-- PROVIDED RECORDS --
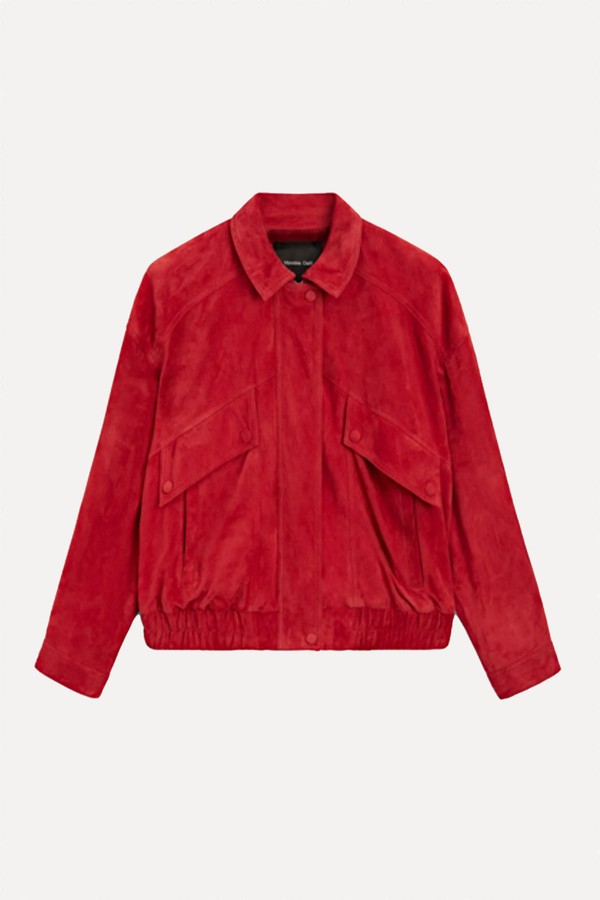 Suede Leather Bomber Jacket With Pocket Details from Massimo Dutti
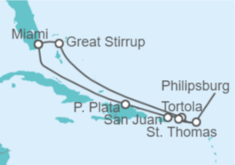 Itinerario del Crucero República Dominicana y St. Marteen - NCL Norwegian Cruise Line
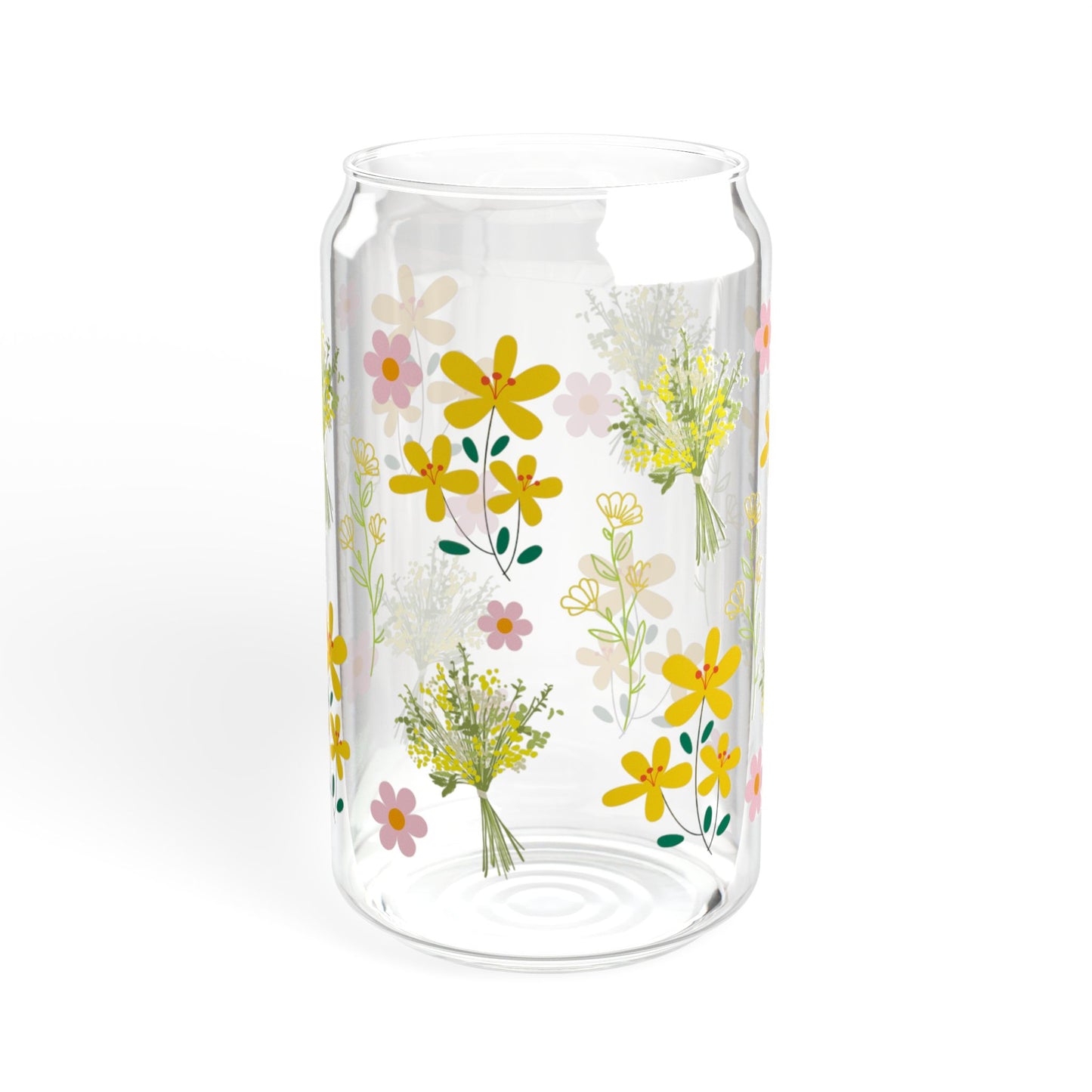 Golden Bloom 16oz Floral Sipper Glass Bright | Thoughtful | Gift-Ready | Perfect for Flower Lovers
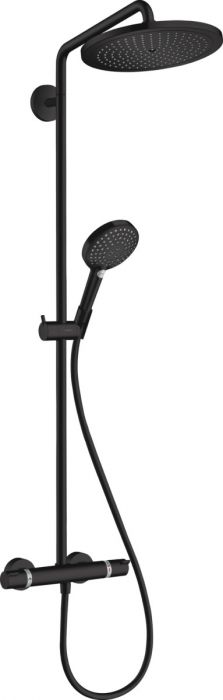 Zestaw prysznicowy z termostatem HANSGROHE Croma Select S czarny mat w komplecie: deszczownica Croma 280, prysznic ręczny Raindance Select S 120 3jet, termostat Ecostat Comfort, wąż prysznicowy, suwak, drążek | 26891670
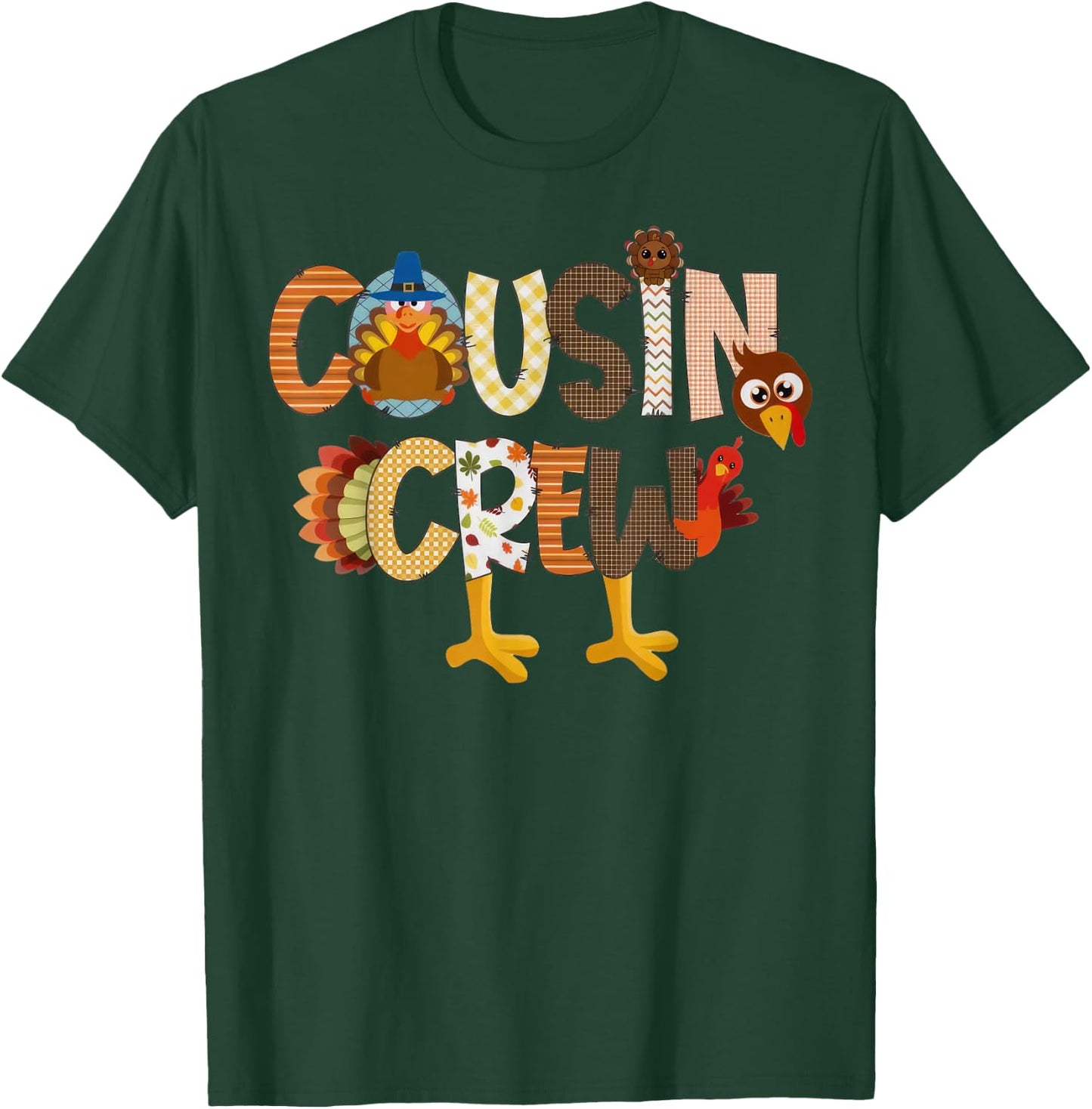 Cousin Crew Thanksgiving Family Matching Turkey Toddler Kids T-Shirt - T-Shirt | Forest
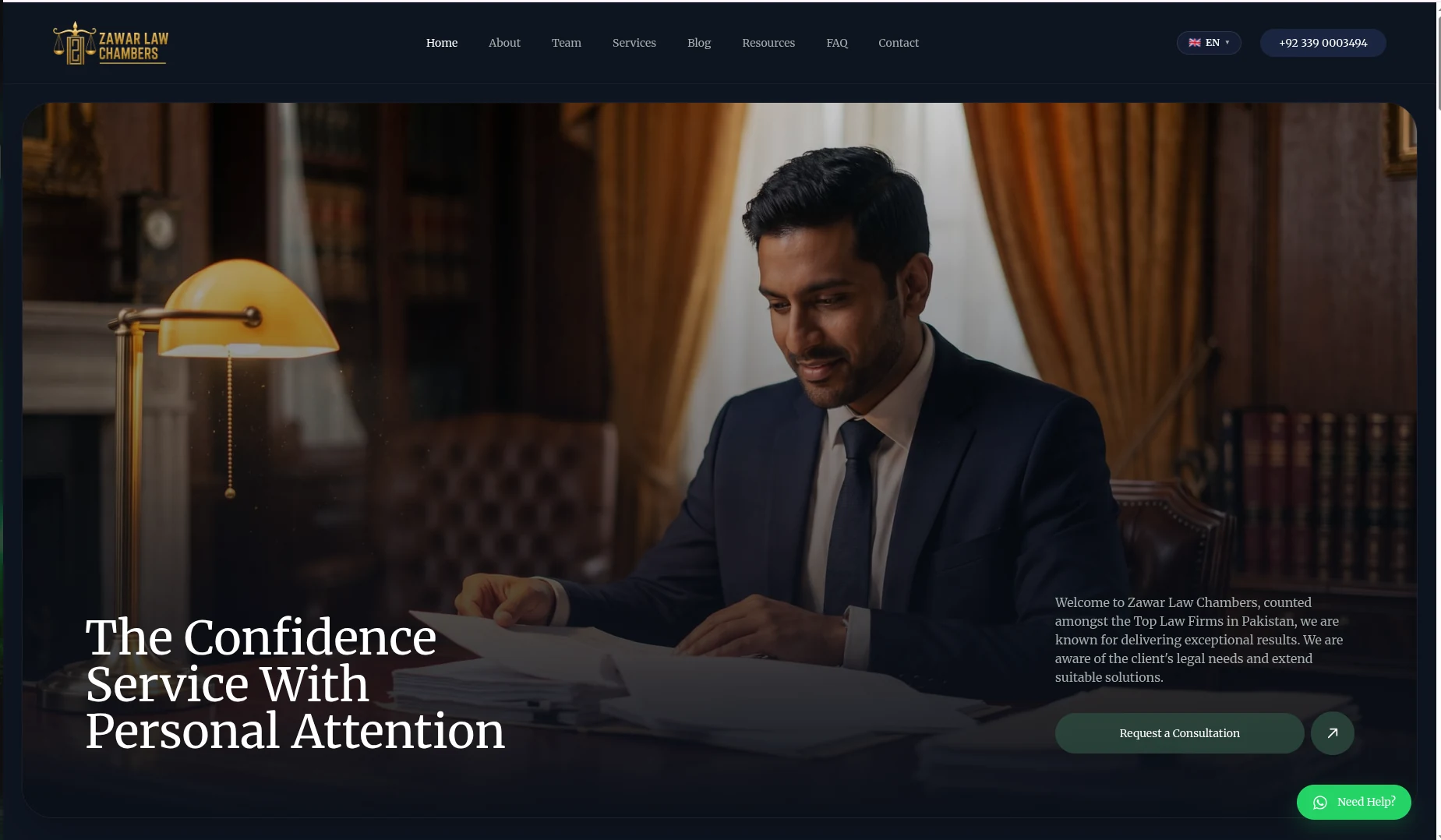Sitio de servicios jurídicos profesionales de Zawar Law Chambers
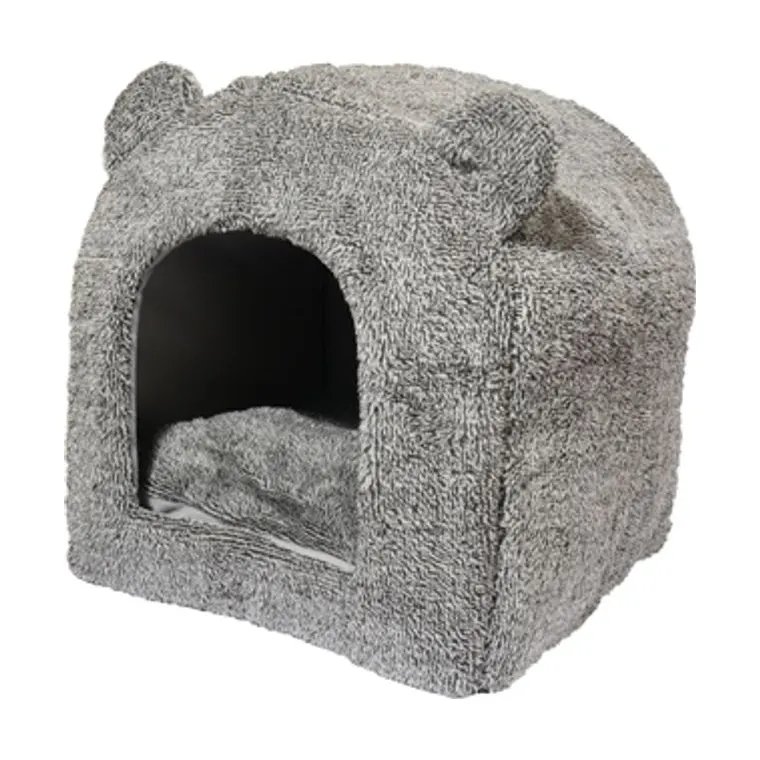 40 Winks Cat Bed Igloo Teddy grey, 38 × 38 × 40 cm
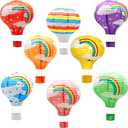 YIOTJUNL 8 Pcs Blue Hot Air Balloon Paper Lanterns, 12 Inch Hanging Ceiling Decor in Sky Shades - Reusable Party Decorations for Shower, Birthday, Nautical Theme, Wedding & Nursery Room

-- TO DO --
Please print each entry exactly as it stands, without the pictures.

-- RESULT --
 Suede Leather Bomber Jacket With Pocket Details from Massimo Dutti
 Itinerario del Crucero República Dominicana y St. Marteen - NCL Norwegian Cruise Line
 Golden Bloom 16oz Floral Sipper Glass Bright | Thoughtful | Gift-Ready | Perfect for Flower Lovers
 Zestaw prysznicowy z termostatem HANSGROHE Croma Select S czarny mat w komplecie: deszczownica Croma 280, prysznic ręczny Raindance Select S 120 3jet, termostat Ecostat Comfort, wąż prysznicowy, suwak, drążek | 26891670
 Cousin Crew Thanksgiving Family Matching Turkey Toddler Kids T-Shirt - T-Shirt | Forest
Sitio de servicios jurídicos profesionales de Zawar Law Chambers
 40 Winks Cat Bed Igloo Teddy grey, 38 × 38 × 40 cm
 YIOTJUNL 8 Pcs Blue Hot Air Balloon Paper Lanterns, 12 Inch Hanging Ceiling Decor in Sky Shades - Reusable Party Decorations for Shower, Birthday, Nautical Theme, Wedding & Nursery Room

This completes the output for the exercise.